Three women received a golden apple Friday to honor their contributions to the community. They were recipients of the Times-Union’s EVE Awards, an annual celebration of Jacksonville-area women in education, volunteerism and employment. This was the 42nd EVE Awards ceremony, which has honored nearly 150 local women since its inception. The winners are determined by a panel of six previous EVE winners.
Photo gallery: 2011 Times-Union’s EVE Awards
Slideshow: Meet EVE’s 12 finalists
Episcopal High leader breaks new ground at the school
Dale Regan has been at Episcopal High School for years as a parent, teacher and now head of the school. She’s the first female and first former Episcopal teacher to lead the school.
“I feel so blessed to have found my passion in 1978 and have the opportunity to grow here,” Regan said. “I was excited, and I thought the glass ceiling just broke to smithereens.”
Regan was nominated for an EVE Award for her work in 2010, which included breaking ground on two $4 million academic halls on the school’s campus. The new spaces add nearly 13,000 square feet of classroom space, and many of the rooms have surround sound, wireless Internet and interactive SMART Board blackboards.
Regan’s commitment to bring innovative teaching methods to the school, as well as spearheading fundraising efforts to make the additions a possibility, is what motivated former EVE winners to select her as the 2011 Education winner.
Regan was nominated by Doug Walker, director of advancement at Episcopal High. In his nomination, he wrote that Regan should be recognized for her “creative and forward-thinking curriculum, taught by faculty who are experts in their subject and dynamic in their instruction.”
Although she’s been head of Episcopal since 2006 and has been instrumental in implementing many changes in the school, she said she never expected to be nominated for an EVE Award.
“I’m quite flabbergasted and excited,” Regan said.
The other nominees in the education category were Patty Moore Adeeb, executive director of the Deerwood Center at Florida State College at Jacksonville; Judith Rodriguez, president of the American Dietetic Association and professor at University of North Florida; and Carol Matthews, environmental science teacher at The Bolles School.
Boutique helps gives women with cancer ‘peace of mind’
Jeri Millard is a breast and cervical cancer survivor, and it was her experiences fighting the disease that motivated her to open a boutique for other women to go through the cancer process with dignity.
Millard opened In the Pink, where women can receive prosthetics, wigs and other services to help them through a cancer diagnosis. She volunteers about 60 hours a week in the Jacksonville Beach boutique.
Many of the products are covered by insurance or Medicaid, and if the patient doesn’t have insurance, Millard works to make sure they get what they need for free. It’s a concept that’s catching on in other cities, and Millard plans to open another location soon at Hill Breast Center.
“My goal is that eventually there will be an In the Pink in every major city where there’s a major cancer treatment center so women going through cancer will have that peace of mind,” Millard said.

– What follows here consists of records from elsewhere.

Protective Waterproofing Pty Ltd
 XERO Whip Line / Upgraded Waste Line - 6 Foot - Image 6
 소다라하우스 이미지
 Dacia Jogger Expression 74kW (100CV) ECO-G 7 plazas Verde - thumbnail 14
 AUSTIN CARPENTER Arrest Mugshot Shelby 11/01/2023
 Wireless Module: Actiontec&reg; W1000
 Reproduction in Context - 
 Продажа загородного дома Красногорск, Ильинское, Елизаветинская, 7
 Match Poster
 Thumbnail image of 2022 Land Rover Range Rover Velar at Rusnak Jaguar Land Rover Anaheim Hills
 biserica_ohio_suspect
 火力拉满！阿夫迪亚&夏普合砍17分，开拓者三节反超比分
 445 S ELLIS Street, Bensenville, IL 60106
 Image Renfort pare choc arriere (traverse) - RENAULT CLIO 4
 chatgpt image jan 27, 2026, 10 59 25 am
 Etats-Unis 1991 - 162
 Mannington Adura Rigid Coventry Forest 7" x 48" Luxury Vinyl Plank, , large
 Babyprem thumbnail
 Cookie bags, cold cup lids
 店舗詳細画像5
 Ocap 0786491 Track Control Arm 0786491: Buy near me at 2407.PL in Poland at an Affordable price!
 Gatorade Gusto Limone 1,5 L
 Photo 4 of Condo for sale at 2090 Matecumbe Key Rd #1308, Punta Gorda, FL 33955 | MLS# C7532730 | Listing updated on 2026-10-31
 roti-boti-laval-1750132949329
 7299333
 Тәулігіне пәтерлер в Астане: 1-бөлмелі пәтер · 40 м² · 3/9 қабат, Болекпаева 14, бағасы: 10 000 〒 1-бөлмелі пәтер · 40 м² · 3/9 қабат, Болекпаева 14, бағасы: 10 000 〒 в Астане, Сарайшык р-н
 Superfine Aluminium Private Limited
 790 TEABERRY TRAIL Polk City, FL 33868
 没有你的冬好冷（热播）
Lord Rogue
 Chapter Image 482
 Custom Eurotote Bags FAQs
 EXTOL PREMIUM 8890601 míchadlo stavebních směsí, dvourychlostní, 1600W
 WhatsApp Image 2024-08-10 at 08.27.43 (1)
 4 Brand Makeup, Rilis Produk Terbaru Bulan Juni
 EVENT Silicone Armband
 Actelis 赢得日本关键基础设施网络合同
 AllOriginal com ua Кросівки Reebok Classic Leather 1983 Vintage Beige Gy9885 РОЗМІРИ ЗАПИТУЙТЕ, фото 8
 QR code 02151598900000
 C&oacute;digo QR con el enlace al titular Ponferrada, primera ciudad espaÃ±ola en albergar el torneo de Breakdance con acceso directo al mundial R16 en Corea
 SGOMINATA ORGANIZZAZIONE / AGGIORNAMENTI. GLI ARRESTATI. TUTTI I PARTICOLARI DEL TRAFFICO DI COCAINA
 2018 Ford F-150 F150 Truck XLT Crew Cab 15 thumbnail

Millard was nominated by Kristie Naines, principal gifts officer at Mayo Clinic, who described In the Pink as “a place where women laugh, cry and share their experiences. … [In the Pink] makes these daunting tasks less threatening, therapeutic and even occasionally fun.”
The other women who were finalists in the volunteer category were Lesleigh Box, a doctor who opened the River City Clinic; Debbie Gottlieb, co-chair of the St. Vincent’s Foundation DePaul Society; and Barbara Ryan Jackson, chairwoman for the St. Marys Convention and Visitor’s Bureau.
Car executive wants all employees and customers treated fairly
Maureen Burnett took over Key Auto Co. as president and CEO in May 2008, which she said may have been the most difficult time for the auto industry. But Burnett said it was the confidence in her employees that helped the business overcome the difficult economic climate.
“I make sure they get what they need so they can do their jobs effectively,” Burnett said.
From 2009 to 2010, Burnett’s dealerships almost doubled their sales. In the past year, she’s served as president of the Hyundai Advertising Group, serves on the Hyundai Regional Dealer Council and the National Auto Dealers Association.
Last year, her philosophy of treating employees and customers fairly was put to the test when she was encouraged to offer a course to her employees on how to sell to women. Burnett refused.
“I don’t believe anybody should be treated differently,” Burnett said. “I want all of our customers to have the kind of service that I would expect to get.”
Burnett was nominated by Butch Ferrizzi, service manager at Key Auto Co. In his nomination, Ferrizzi wrote, “[Burnett’s] fearless, passionate and ethical leadership has provided a stellar role model for other women in this industry, and for women of all businesses.”
Other employment finalists were Colleen Riley, vice president of professional development and medical affairs at Vistakon; Nadine Bryson Gramling, owner of Bryson’s Furniture Consignment; and Lawanda Ravoira, director of the NCCD Center for Girls & Young Women.